(Records from a dataset)
◇ ◇ ◇ ◇ ◇
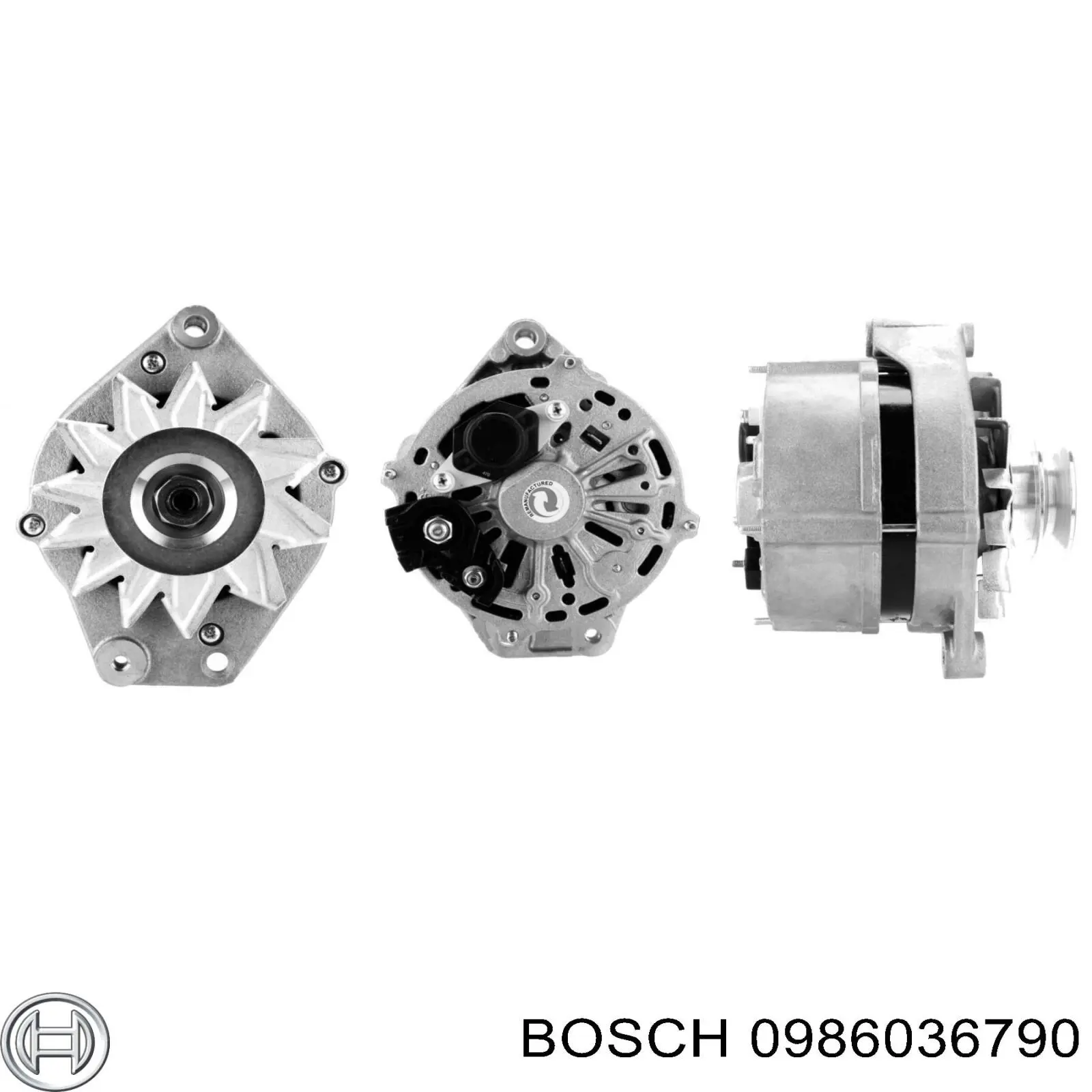 0986036790 Bosch alternador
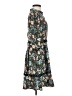 Walter Baker 100% Polyester Print Teal Casual Dress Size S - photo 4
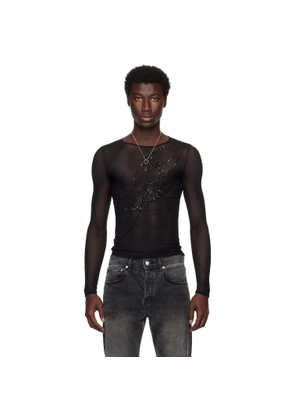 Jean Paul Gaultier Black 'The Sequin' Top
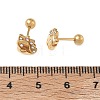 304 Stainless Steel Crystal Rhinestone Animal Cartilage Earrings SA-CBA1F7E-01G-01-3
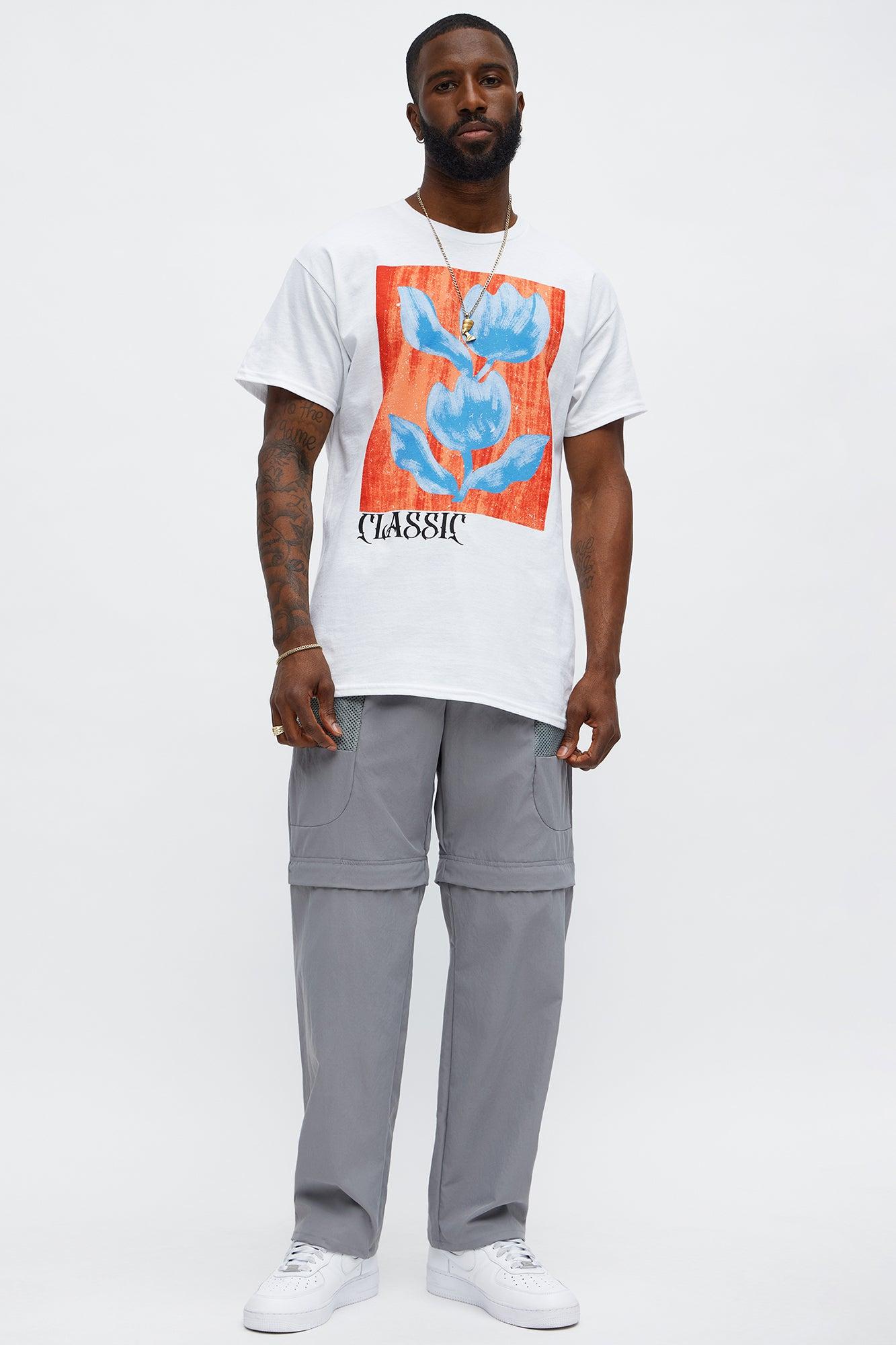 Classic Flowers Short Sleeve Tee - White Male Product Image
◇ ◇ ◇ ◇ ◇
▶ TASK GOAL: In the copy, keep every line of the data above exactly and drop each picture.

▶ TASK RESPONSE:
 0986036790 Bosch alternador
 Walter Baker 100% Polyester Print Teal Casual Dress Size S - photo 4
 Jean Paul Gaultier Black 'The Sequin' Top
 304 Stainless Steel Crystal Rhinestone Animal Cartilage Earrings SA-CBA1F7E-01G-01-3
 Classic Flowers Short Sleeve Tee - White Male Product Image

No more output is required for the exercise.